_Provided entries_

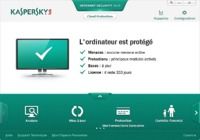 Kaspersky Internet Security 2013 pour mac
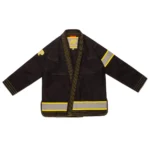 The Journey BJJ Gi Black by Albino and Preto Batch #49 lightweight Brazilian Jiu-Jitsu gi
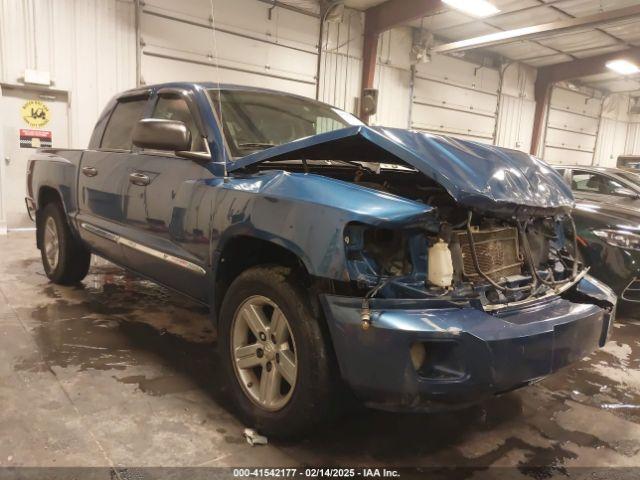  Salvage Dodge Dakota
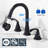 Bathroom Faucet with Drain Assembly-93456962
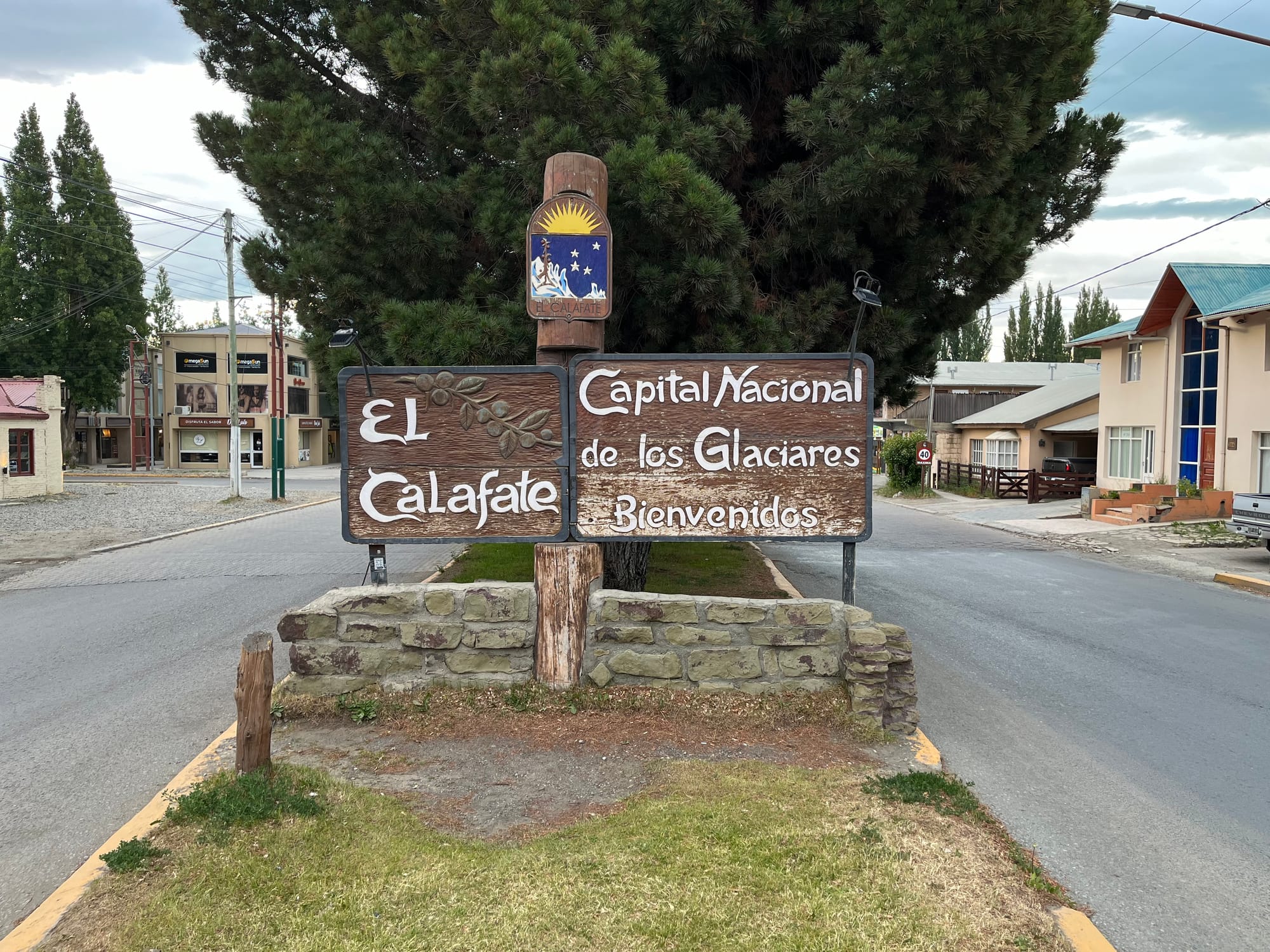 El Calafate & El Chalten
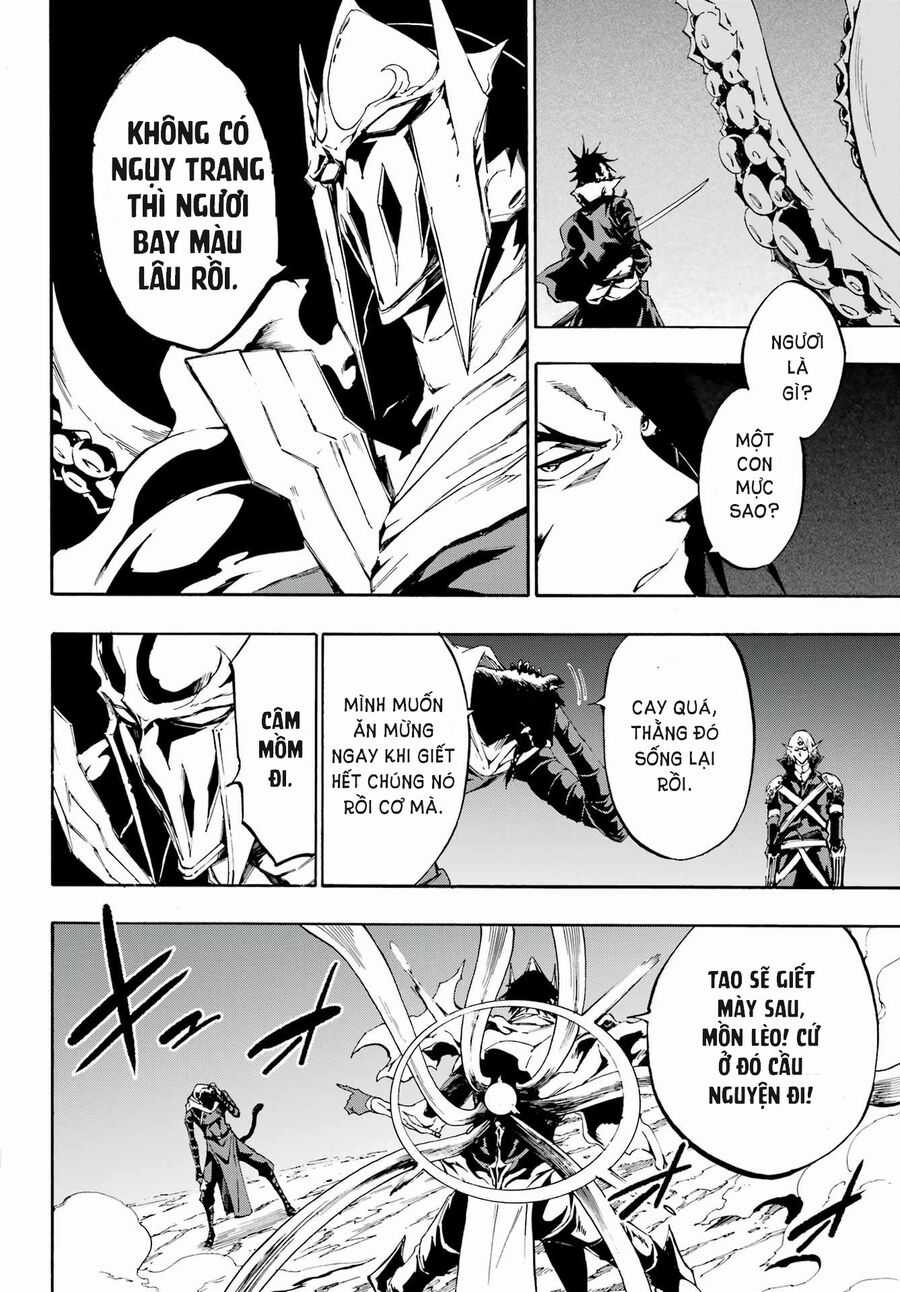 Gokusotsu Kraken Chapter 7 trang 10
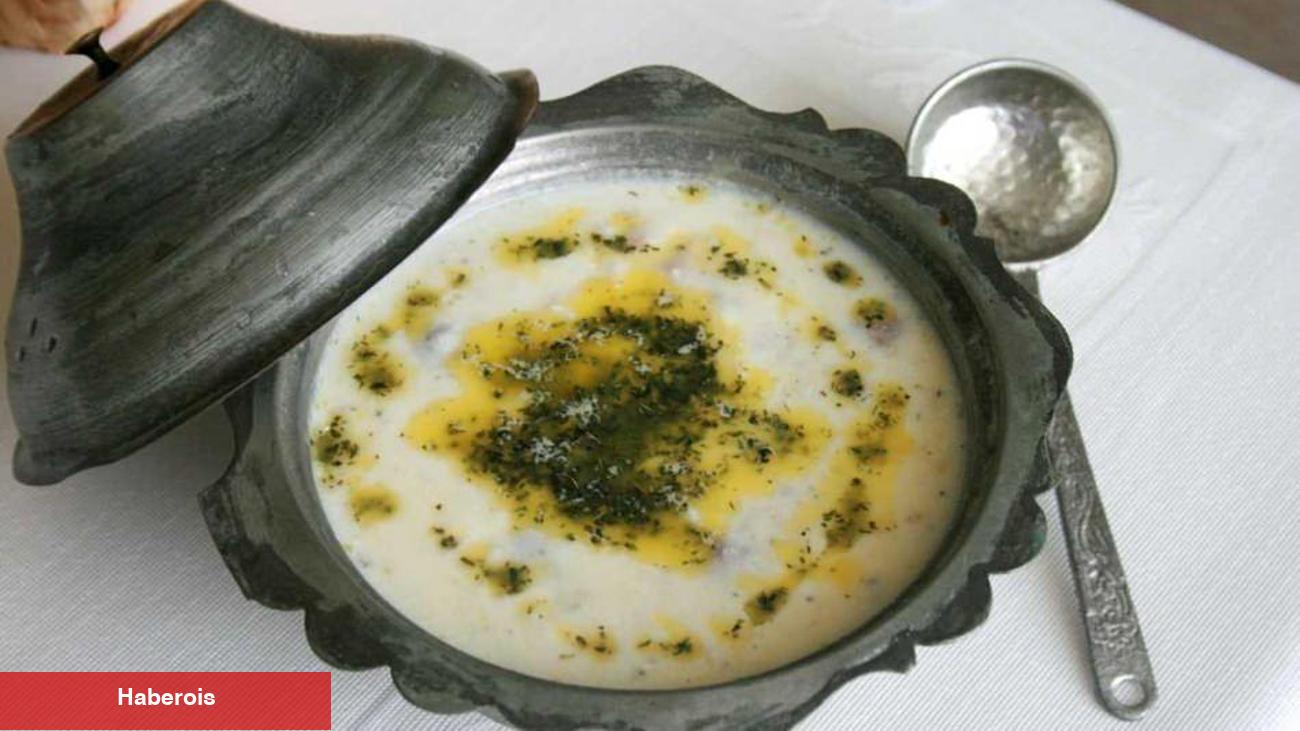 Lebeniye çorbası nasıl yapılır? Gaziantep yordamı lebeniye çorbası tanımı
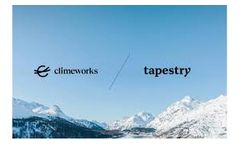 Tapestry and Climeworks Announce Carbon Removal Partnership To Advance Innovative Climate Action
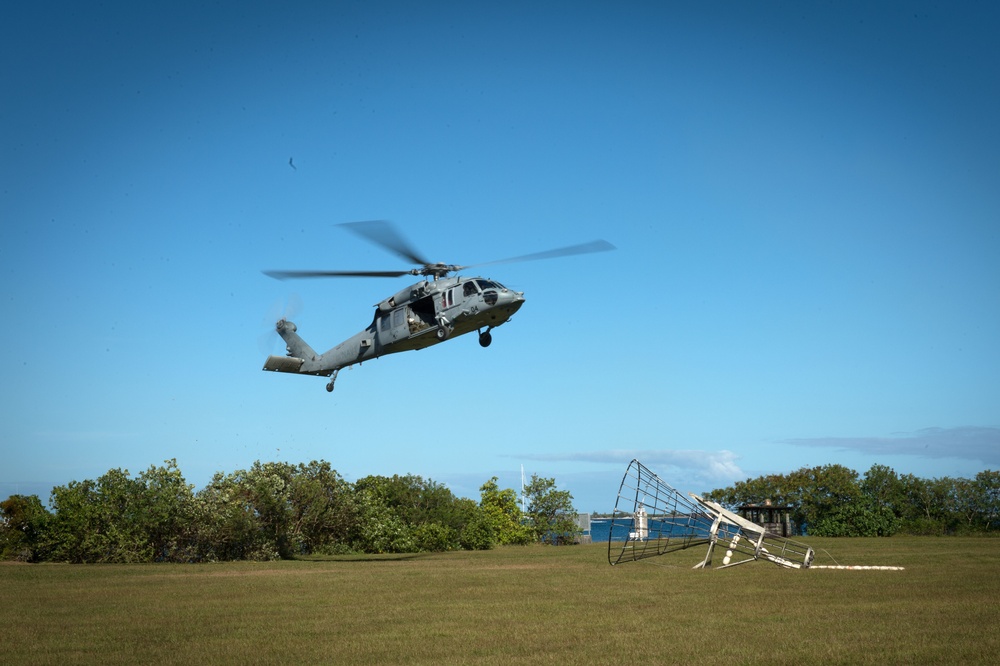 Helicopter Sea Combat Squadron (HSC) 25 conducts Torpedo Exercise (TORPEX) in Guam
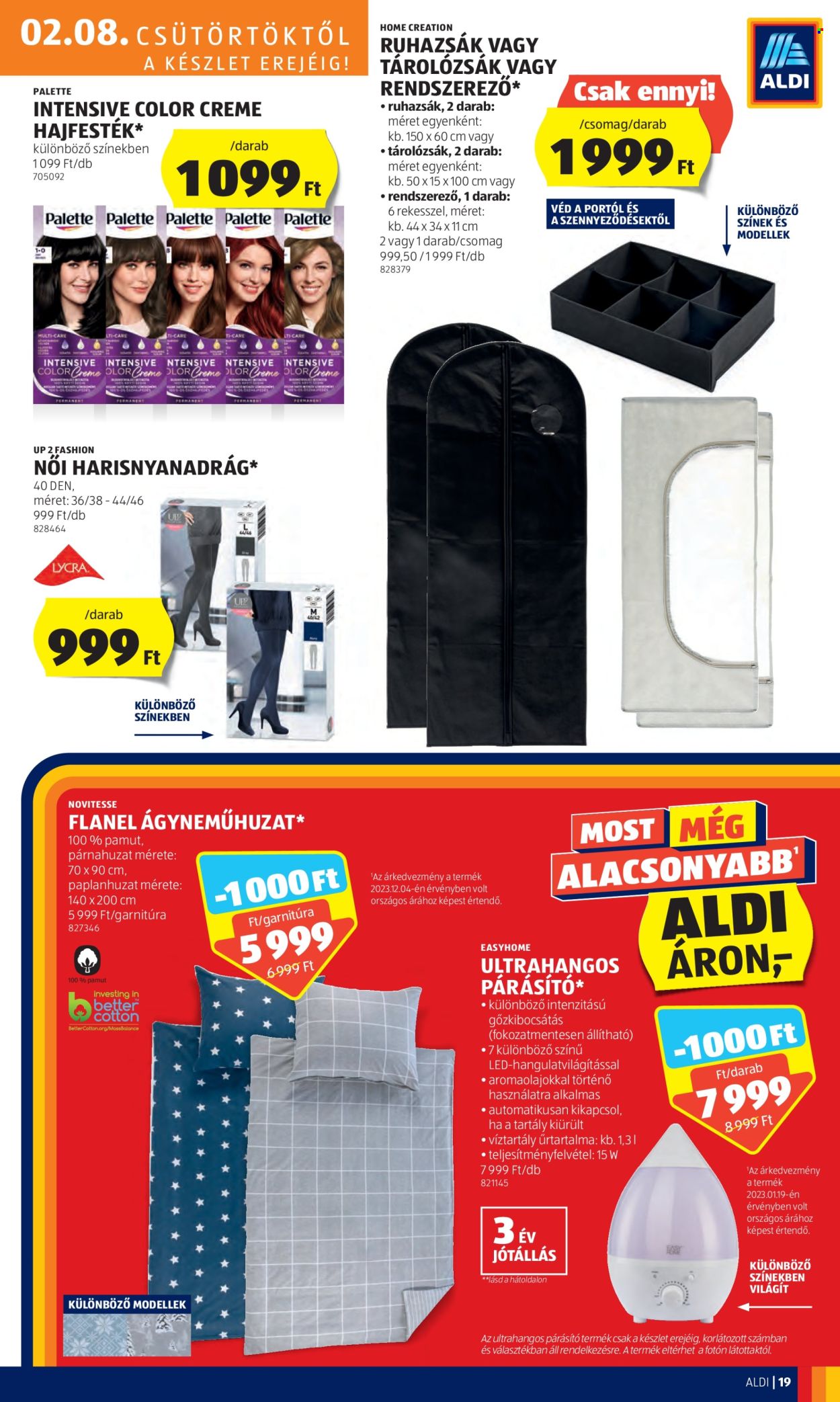 Aldi akciós újságok - 2024.02.08 - 2024.02.14. Oldal 23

_Exercise instructions_
Output the records above verbatim. Pictures stay out.

_Exercise solution_
 Kaspersky Internet Security 2013 pour mac
 The Journey BJJ Gi Black by Albino and Preto Batch #49 lightweight Brazilian Jiu-Jitsu gi
  Salvage Dodge Dakota
 Bathroom Faucet with Drain Assembly-93456962
 El Calafate & El Chalten
 Gokusotsu Kraken Chapter 7 trang 10
 Lebeniye çorbası nasıl yapılır? Gaziantep yordamı lebeniye çorbası tanımı
 Tapestry and Climeworks Announce Carbon Removal Partnership To Advance Innovative Climate Action
 Helicopter Sea Combat Squadron (HSC) 25 conducts Torpedo Exercise (TORPEX) in Guam
 Aldi akciós újságok - 2024.02.08 - 2024.02.14. Oldal 23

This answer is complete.